How to write a cover letter in today’s digital age
With more and more job applications being submitted online, you might be wondering whether it’s still necessary to write a cover letter. Do hiring managers even read them? Is it worth the time and effort to write them?
The answer is “it depends.” Some online job applications do not even give you a way to attach a cover letter. If that is the case, then you don’t need to write one. Other online applications make it optional to attach a cover letter. In those cases, we recommend writing one. Even though it is optional, it is still a good idea to write one, because it shows the employer that you are serious about the job. Skipping the cover letter might suggest that you are the type of employee who would cut corners and only do the bare minimum.
Even though writing cover letters can be a hassle, there is a bright side. Cover letters give you an extra opportunity to market yourself. And writing a good cover letter can set you apart from the competition. Here are some tips for writing cover letters in today’s competitive environment:
1. Customize the cover letter for each application
Writing a cover letter is not a “one size fits all” process. You should not use the same cover letter for every application. You will want to tailor your letter depending on what each specific job posting is looking for. This shows the hiring manager that you truly studied the job posting and can explain why you are the best candidate for the job.
2. Use keywords
Just like in resume-writing, it’s important to optimize your cover letter with keywords related to the job posting. The cover letters may or may not be scanned by the applicant tracker systems, and if they are, the right keywords could help get your application noticed. Learn more about optimizing both your resume and your cover letter for applicant tracking systems here.
3. Don't rehash your resume
A cover letter serves a different purpose from your resume, so you should not simply re-list the information in your resume. While your resume lists your relevant education and experience, your cover letter should summarize your strengths and explain how you will benefit the employer. To do this, choose just two or three experiences from your resume, and summarize how they demonstrate the strengths you’re going to bring to the job.

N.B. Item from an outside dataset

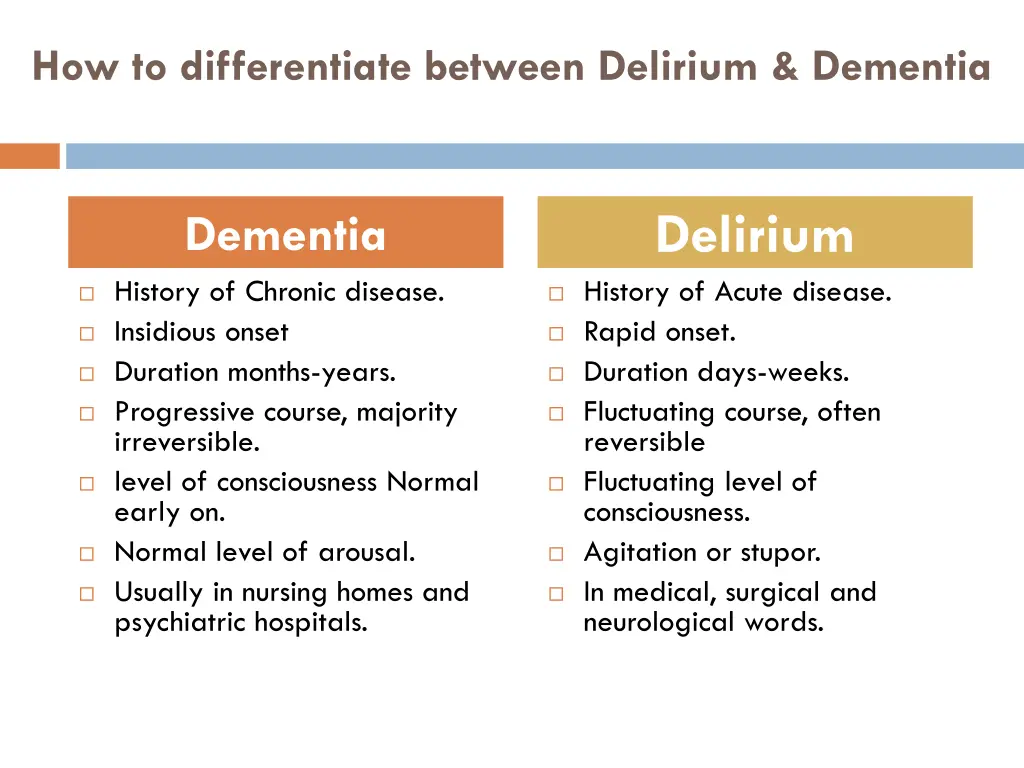 how to differentiate between delirium dementia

4. Keep it short and simple
Cover letters should be no longer than one page. As a rule of thumb, aim for 3 to 4 paragraphs with 1 to 3 sentences per paragraph:
Paragraph 1: Introduce yourself and why you are applying for the job
Paragraph 2: Give an example of your education or work experience that demonstrates your strengths and makes you qualified for the job
Paragraph 3: Review your most impressive qualities and strengths
Paragraph 4: Thank you and conclusion
5. Link your cover letter to you LinkedIn account
LinkedIn can be a great supplement to your job application. If you have a strong LinkedIn profile and a fair number of connections, you should include your LinkedIn URL in the “contact” section of your resume and cover letter. If you haven’t created a profile yet, what are you waiting for? Learn about creating a LinkedIn profile here.
6. Review and proofread
Whenever you try to edit something that you wrote, it’s hard to the mistakes. It’s always best to have a fresh set of eyes look at your cover letter and resume. Try making an appointment with your Career Services department. One of the representatives can help review your job application and give you some pointers. If you don’t have a career services advisor, then ask a trusted friend or family member to read through your cover letter for you.
With these tips in mind, we hope you can improve your process of writing cover letters. With a little persistence, you will find that it gets easier every time. Good luck with your job search!